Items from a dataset
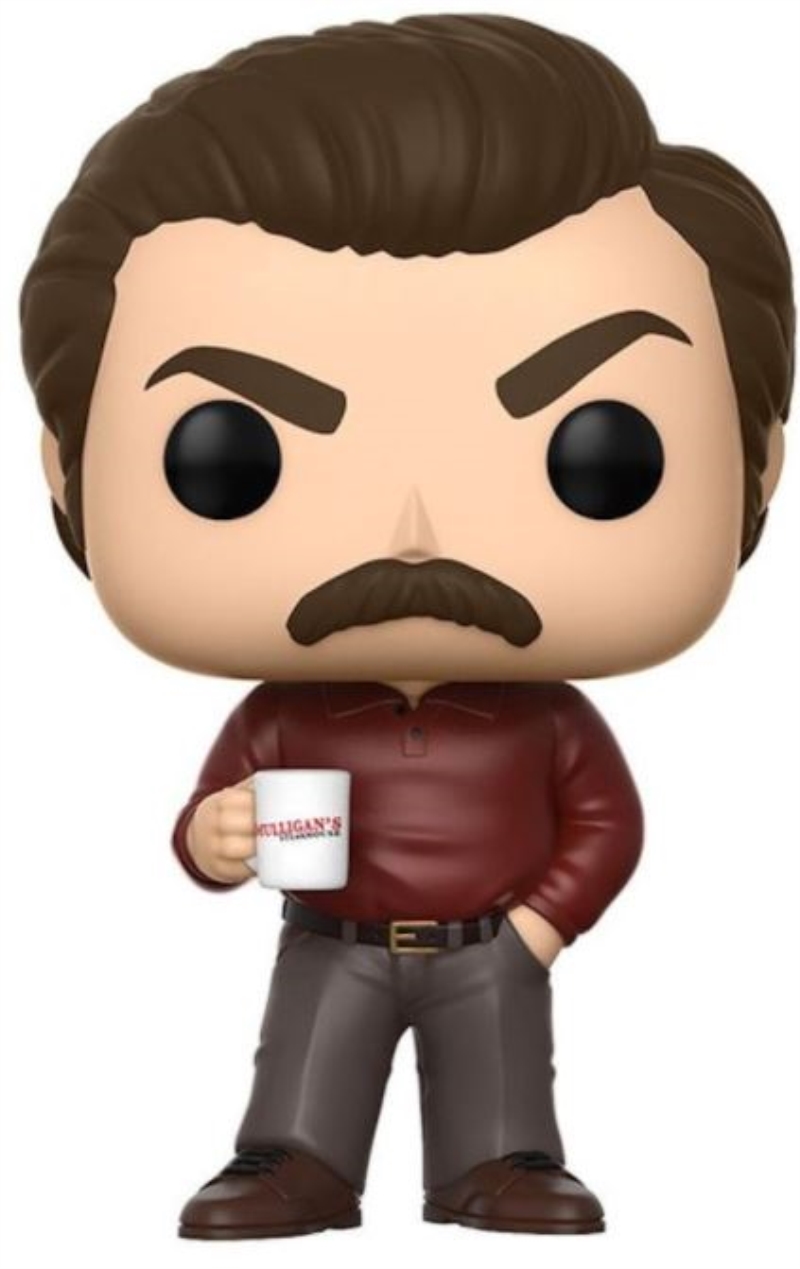 FUNKO ACTION FIGURES FUNKO POP PARKS & REC: RON SWANSON FUNKO ACTION FIGURES FUNKO POP PARKS & REC: RON SWANSON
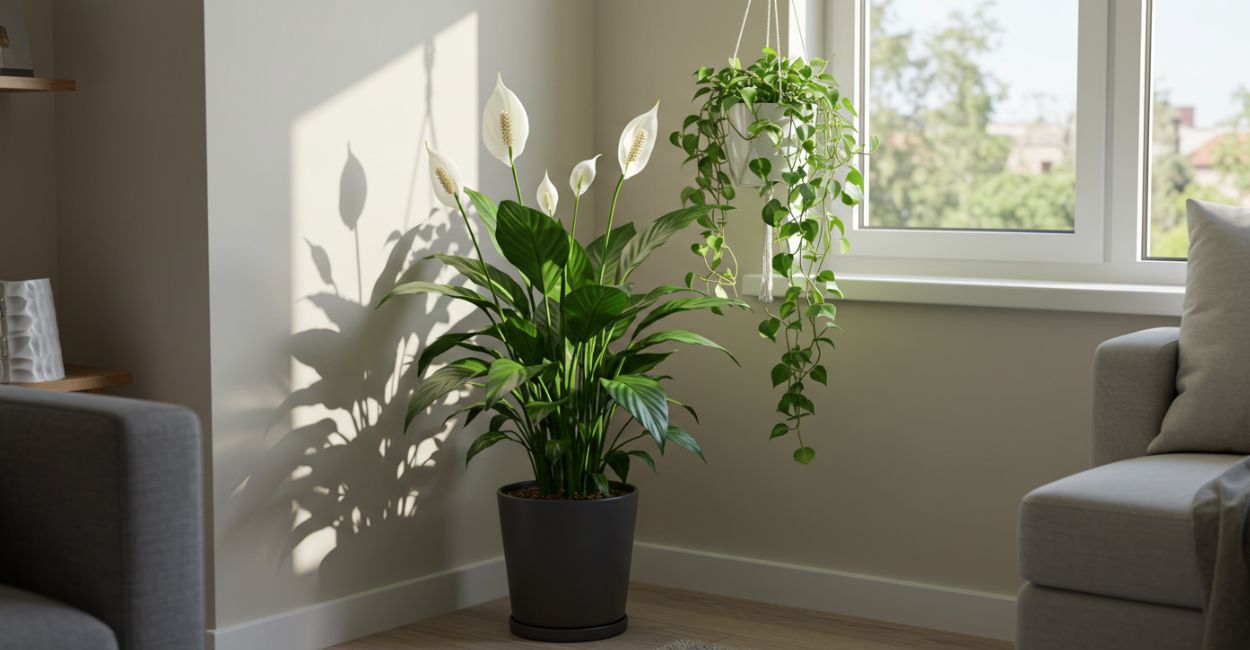 plantas que gostam de sombra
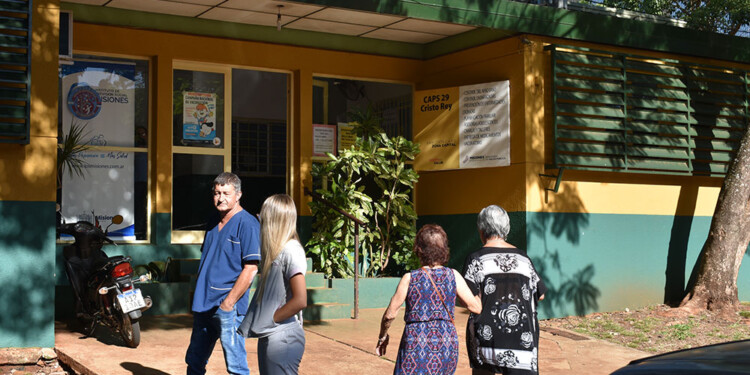 ABORDAJE. Los CAPS también se encargan de derivar a los pacientes que necesitan un abordaje más complejo.
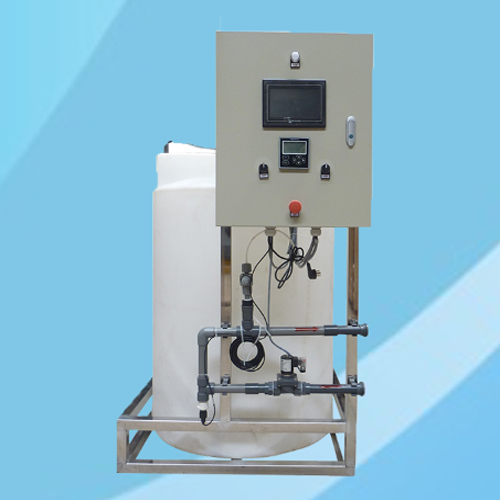 浙江滤谷环保科技有限公司 产品展示 供水设备 加药装置 > 全自动加药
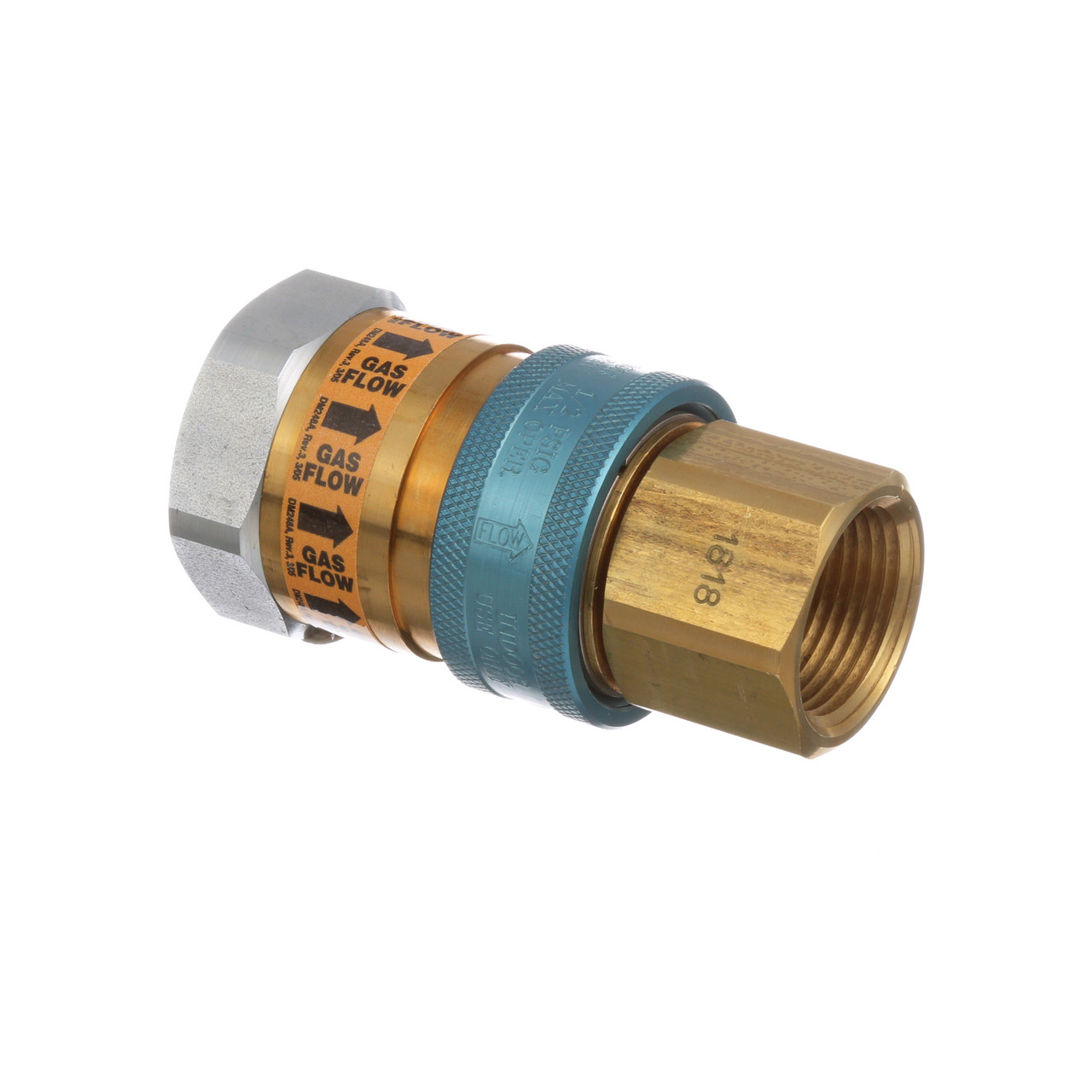 A100 - Dormont - SnapFast® 1 in Gas Quick Disconnect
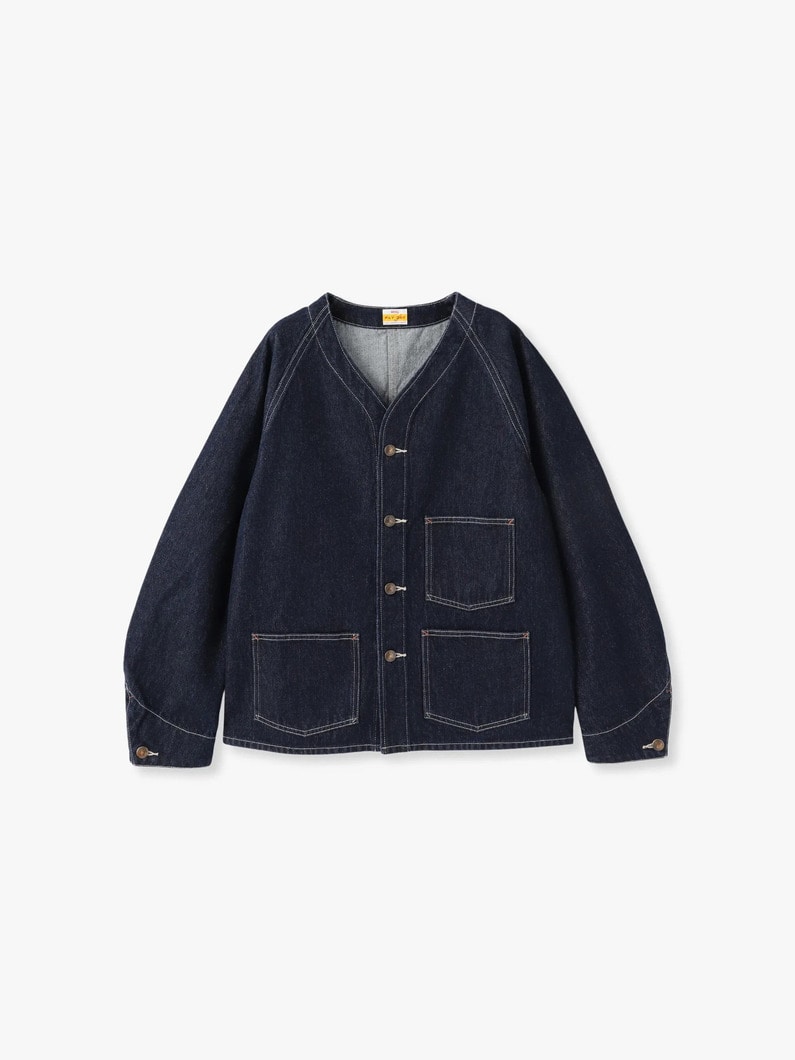 5 アニバーサリー エンジニア デニム ジャケット 詳細画像 indigo 6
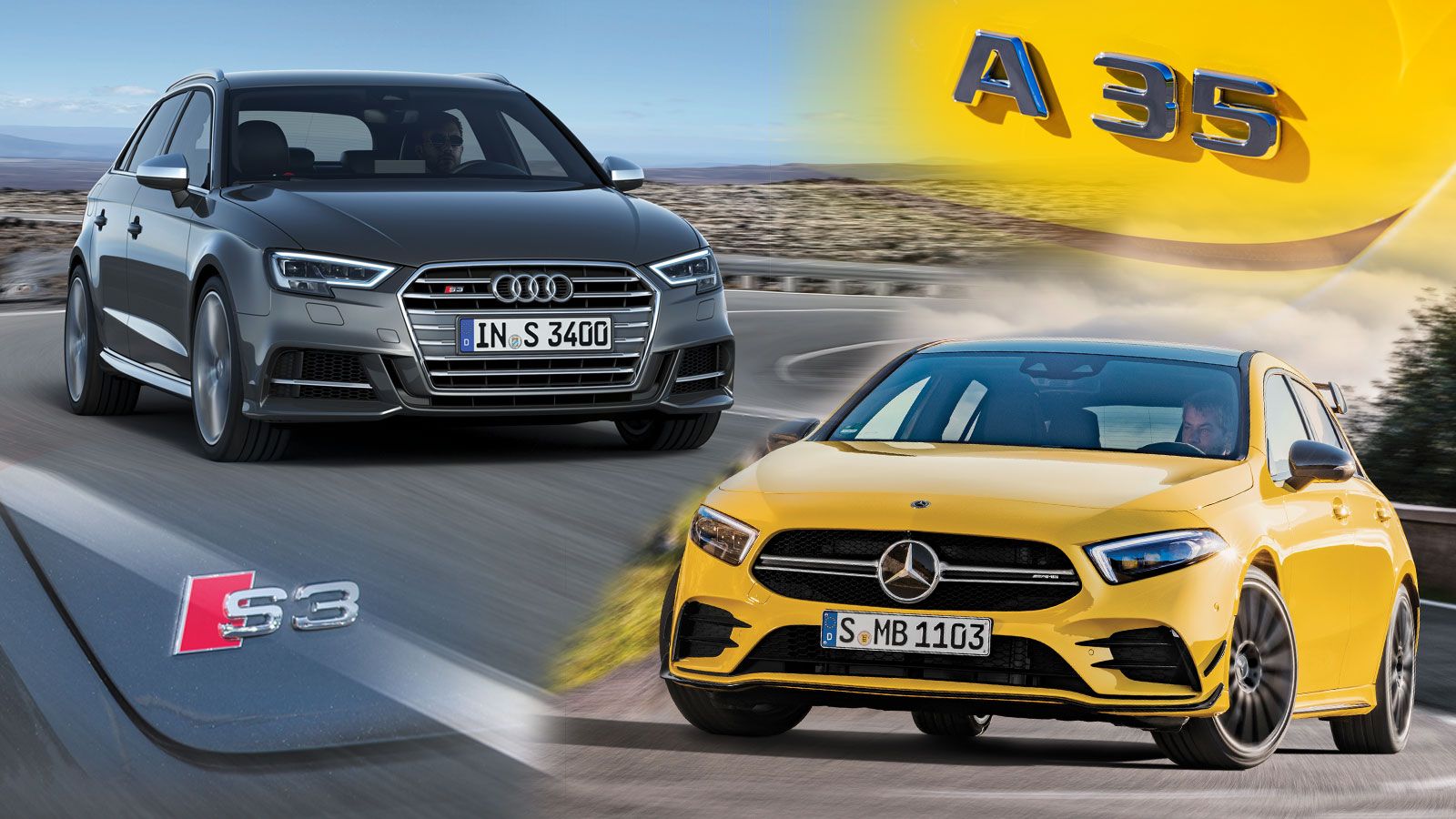 Η A-Class αποκτά για πρώτη φορά μια πιο «ήπια» AMG έκδοση στην γκάμα της, την AMG A 35 που έρχεται ετοιμοπόλεμη για να προετοιμάσει το έδαφος της μεγά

- [Problem requirements]: Write out the entries above verbatim; the pictures do not belong in your copy.

- [Exercise response]:
 FUNKO ACTION FIGURES FUNKO POP PARKS & REC: RON SWANSON FUNKO ACTION FIGURES FUNKO POP PARKS & REC: RON SWANSON
 plantas que gostam de sombra
 ABORDAJE. Los CAPS también se encargan de derivar a los pacientes que necesitan un abordaje más complejo.
 浙江滤谷环保科技有限公司 产品展示 供水设备 加药装置 > 全自动加药
 A100 - Dormont - SnapFast® 1 in Gas Quick Disconnect
 5 アニバーサリー エンジニア デニム ジャケット 詳細画像 indigo 6
 Η A-Class αποκτά για πρώτη φορά μια πιο «ήπια» AMG έκδοση στην γκάμα της, την AMG A 35 που έρχεται ετοιμοπόλεμη για να προετοιμάσει το έδαφος της μεγά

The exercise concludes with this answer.